Quotas and retention deadlines do not actually manage email. They facilitate bad information governance practices and hinder the legal department from harnessing its knowledge resources.

To avoid this form of information mismanagement, legal departments should consider adopting document management systems and enterprise search systems that include an email management module. These systems integrate with the email inbox, allowing users to move messages and their associated attachments from their personal inboxes to a shared central workspace. This workspace is essentially the equivalent of an electronic matter file. Within the file, users across the department (or those users granted access to the folder) can find all document resources pertaining to a matter, including other users’ emails, Word documents and scanned paper documents.

Document management systems that include an email management component serve as a useful single point of reference that the entire legal team can leverage. Because this type of repository can be fully indexed, lawyers can use keywords to efficiently search for and retrieve critical information.

Some of these systems also permit the automatic addition of metadata and other information that can help organisations assign documents to the appropriate category under their records retention policy.
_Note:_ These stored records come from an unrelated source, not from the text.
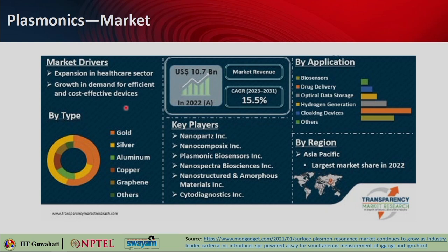The plasmonics market is mainly driven by expansion in the healthcare sector and growing demand for cost-effective and efficient devices. Materials involved include gold, silver, aluminum, copper, and graphene. In 2022, the market was around 10.7 billion USD with a 15.5 percent growth rate toward 2031. Biomedical applications are a major focus area of plasmonics.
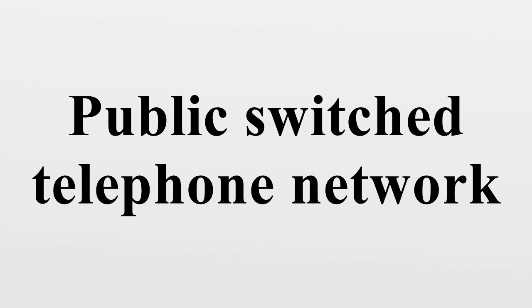Operators: The task of building the networks and selling services to customers fell to the network operators. The first company to be incorporated to provide PSTN services was the Bell Telephone Company in the United States. In some countries, however, the job of providing telephone networks fell to government as the investment required was very large and the provision of telephone service was increasingly becoming an essential public utility.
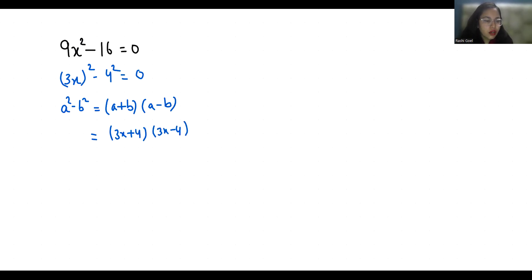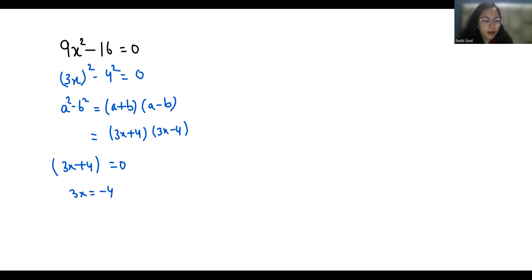First, 3x + 4 = 0. So 3x = -4, which gives us x = -4/3.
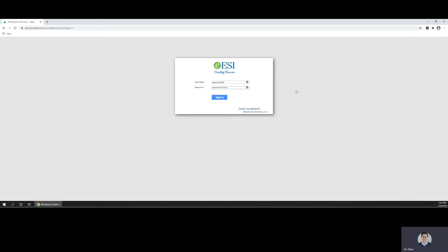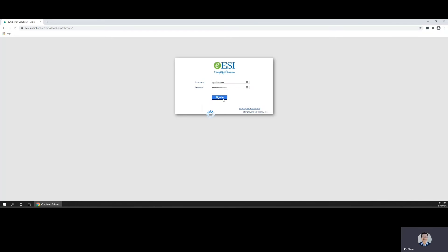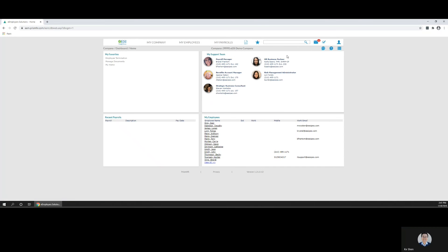You can find your benefits documents in your manager portal. Login to your manager portal and search for Managed Documents in the search bar.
Properly ‘filing’ the document with this added metadata helps organisations meet their compliance and regulatory requirements.

The market offers a number of solutions for controlling the legal department’s email. When evaluating document management systems, look for the following options:

Enhances collaboration: The document management platform should be able to collect all information—both emails and their attachments—in a centralised repository that is available to multiple users. The repository should be able to handle files of all types.

Simplifies organisation: Use a document management system that syncs with your email system. The best systems do not create additional work for the legal team. In other words, optimal systems will be intuitive and will integrate seamlessly with the organisation’s email program, allowing lawyers to send messages to the central repository with no more than a few clicks of a mouse. Otherwise, lawyers will not use the system or, perhaps even worse, will not use it consistently.

Improves access: The document management system should provide advanced search capabilities, including full text and metadata searching, which make it easy for users to find the emails and other documents they need.

Ensures preservation: The document management system should be capable of storing emails in their native format, which will prevent the loss of critical information and permit users to reply to the message or forward it to other users, just as if it were sitting in their inbox.

Provides notice: The document management software should notify users when someone has filed an email into a matter folder relevant to them; it should also use an icon or other visual sign to indicate that messages in a user’s inbox have already been filed, which will avoid unnecessary duplication of information and effort.

Offers auditing: Find a program that can create audit trails so the department can keep attachments linked to their parent document; some systems will also track versions of the documents as users make alterations.

With proper email management techniques, counsel can spend less time searching for information and more time practising law. Leaving it up to individual lawyers to manage their own inboxes creates email silos and inefficiencies, but a systematic approach can stem the tide of email overload.